Work on it now or later?
There is more value (I think, and you may disagree) in doing it on the spot when it occurs, when the need is apparent, as there is more energy in it and it is part of an ongoing process, the need is directly at hand, and by doing it immediately you constantly confirm that if they can’t say it intelligibly there is little point in knowing it. In other words you gradually establish in your class culture the idea that an acceptable pron is an integral part of knowing a bit of language, not an extra bit of knowing. It is not a bonus, it is part of the core. If you can’t say it intelligibly then you don’t know it. Of course you can’t deal with everything, or even very much, on the spot. But we do need a focus of the moment and a way of not letting it all slip through our fingers
A vocab lesson
Saying a word and getting its stressed syllable, and more importantly its unstressed syllables, is key to saying and knowing the word. You don’t know a word if you can’t say it comprehensibly, and probably you can discern a word less reliably with your ear if you can’t actually say it. Ear and mouth educate each other. When practising vocab the teacher should keep gently demanding the best pron that the St can do at the moment. So that during the memory processing and the formation of the synapses the St does not default to their habitual L1 phonetic set. Pron is part of the identity of a word, in fact pron is the physical reality of the word and contributes vitally to hooking it into the memory.

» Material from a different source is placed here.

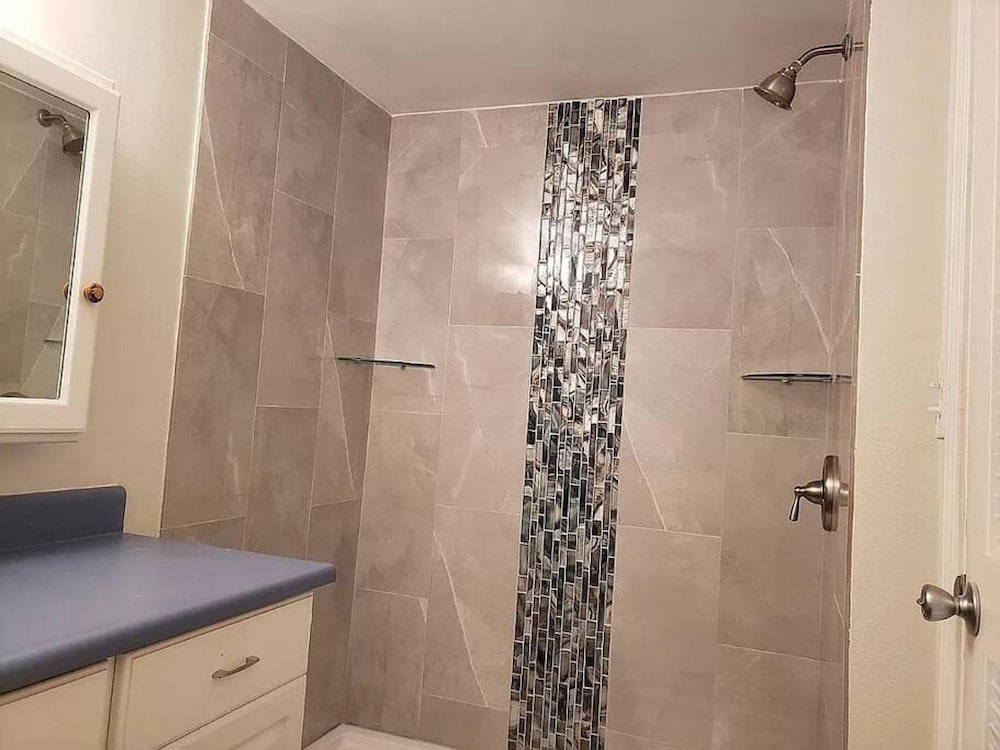 Enjoy the Sunset Ocean Front 1BR Apt-pool On-site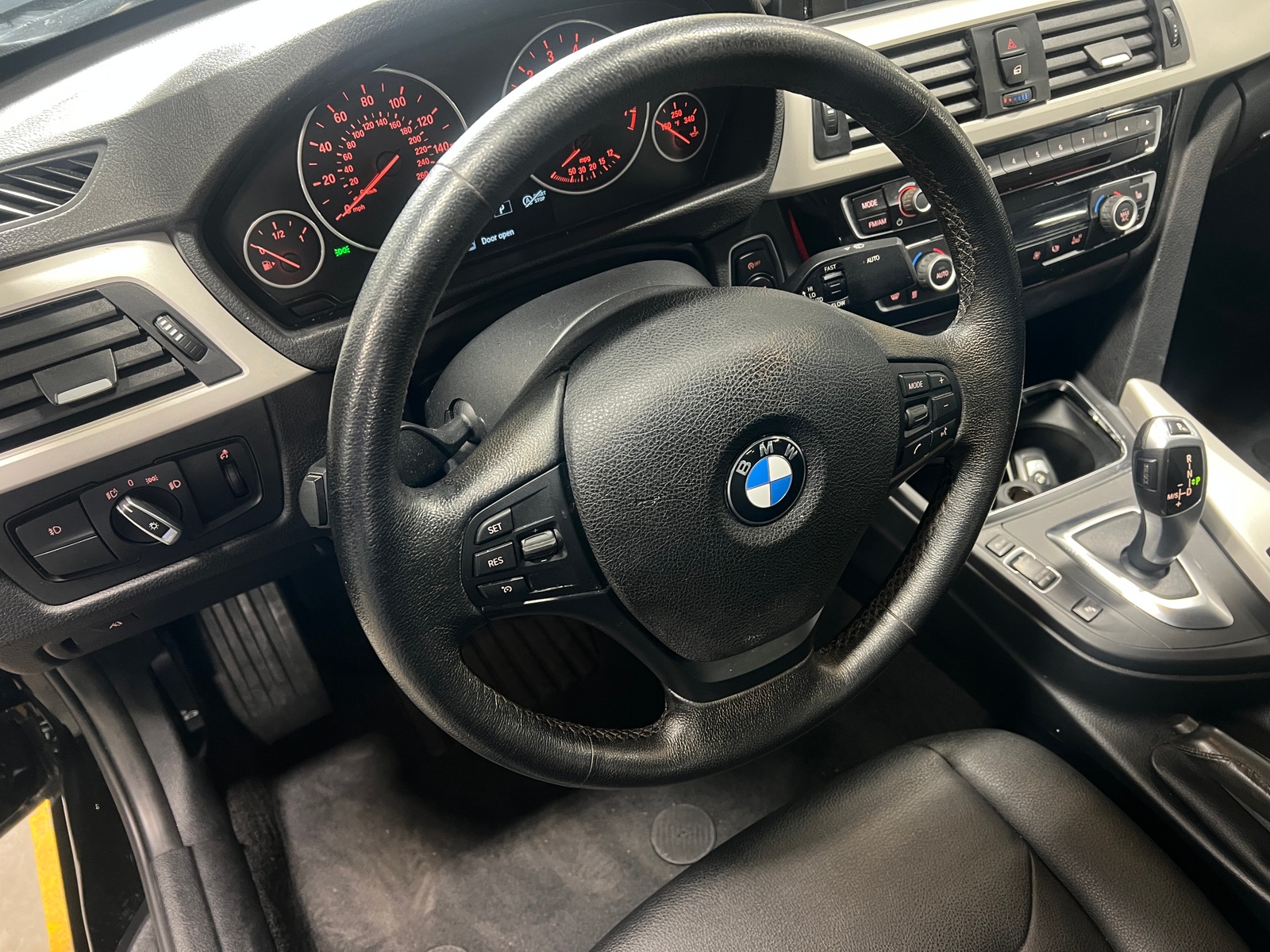 Thumbnail: 2018 BMW 3 Series - 4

Prime the memory for pronunciation
It doesn’t matter that the pron is not at first perfect, what matters is that at the time of learning something about pron is included in the memory synapse, the memory is somehow primed for pron, so if the memory synapse could speak it might say “…Ah yes, there is a pronunciation to be noted here, I haven’t got it yet, more work to follow…but anyway I’ve got the spelling and meaning and some collocations…and await more on the pron to glue it all together…” This is better than forming the memory firmly around the wrong pronunciation. It’s harder to retro-fit a new pron once the wrong one has been stored.

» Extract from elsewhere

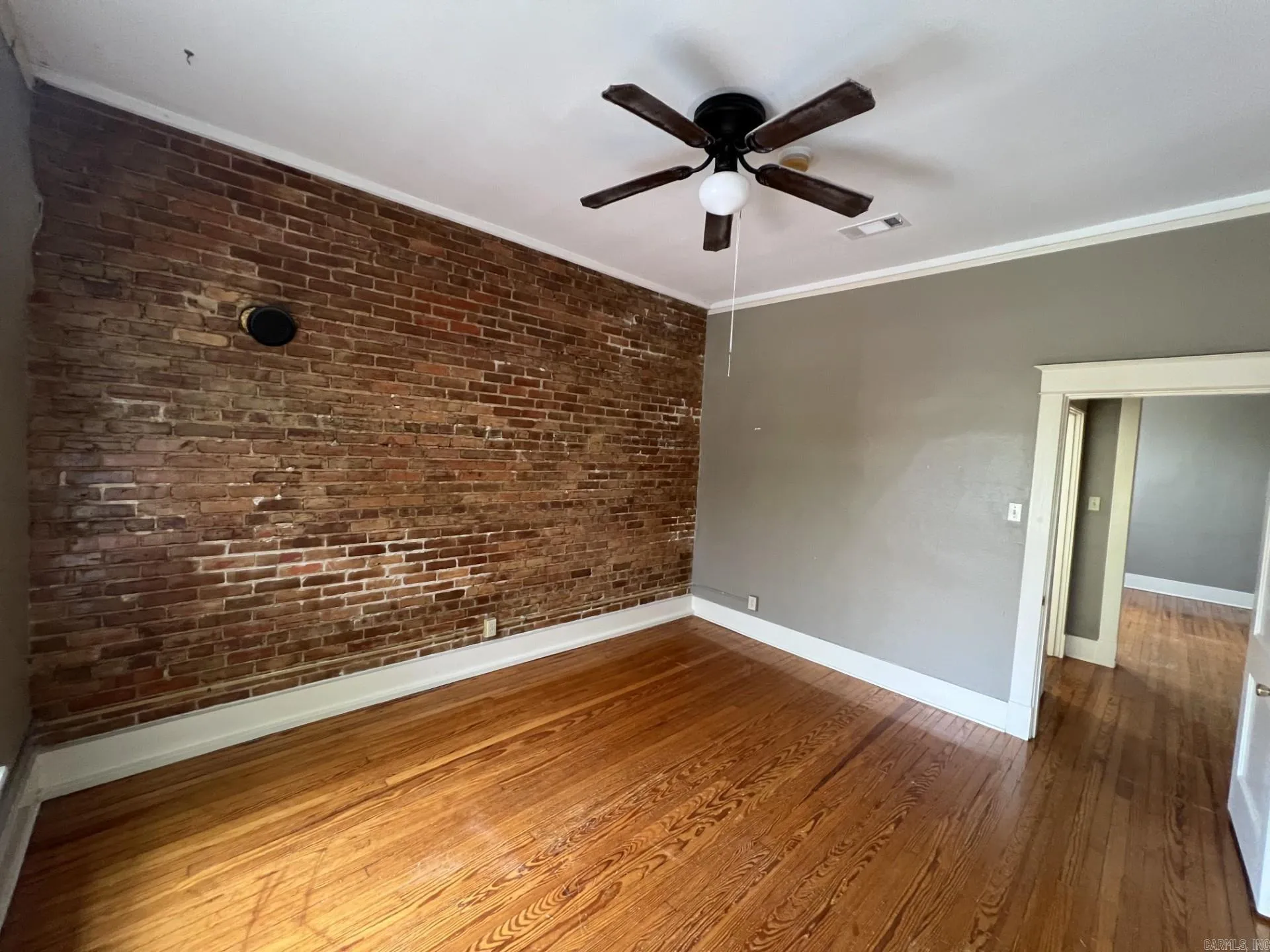 Property at 1417 S Main, A - Image 4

Work from a (graded) reader
When anyone is reading, and certainly when reading in a second language, it is likely that there is a subvocalized inner voice speaking in the learner’s inner ear, and this voice has a pronunciation. Try this for yourself. This means that even silent reading includes real time rehearsal of pronunciation. A pronunciation of some sort is being rehearsed yet no extra time is required to do it. And the question is, which pron is being rehearsed? Is it the pron of L2, as far as possible,? Or is it L1 pron that is being applied to L2 words? If the teacher does nothing about it then the St may quite naturally default to her L1 pron, There is scope for working on pron in the inner voice and the inner ear. I use this a lot and it has some great advantages too.

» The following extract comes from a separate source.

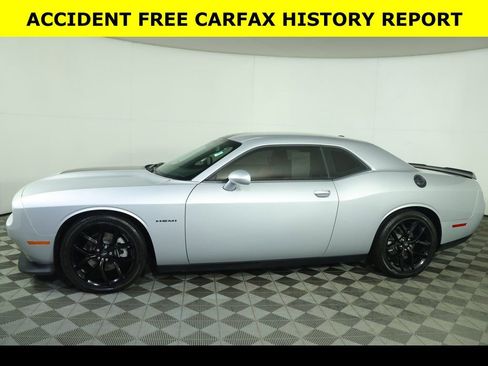Used 2022 Dodge Challenger R/T w/ Driver Convenience Group image 4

In a similar manner writing entails the selecting of words in the head, trying them out in the inner voice, changing them until satisfied, and then writing them down. All of this, including the writing itself is accompanied by an inner voice, which has a pronunciation. Try this for yourself. Once you see this in yourself you can exploit it with your learners.
It’s interesting to reflect that there is no such thing as reading and writing without inner speaking and inner listening, and therefore inner pronunciation. Is that true?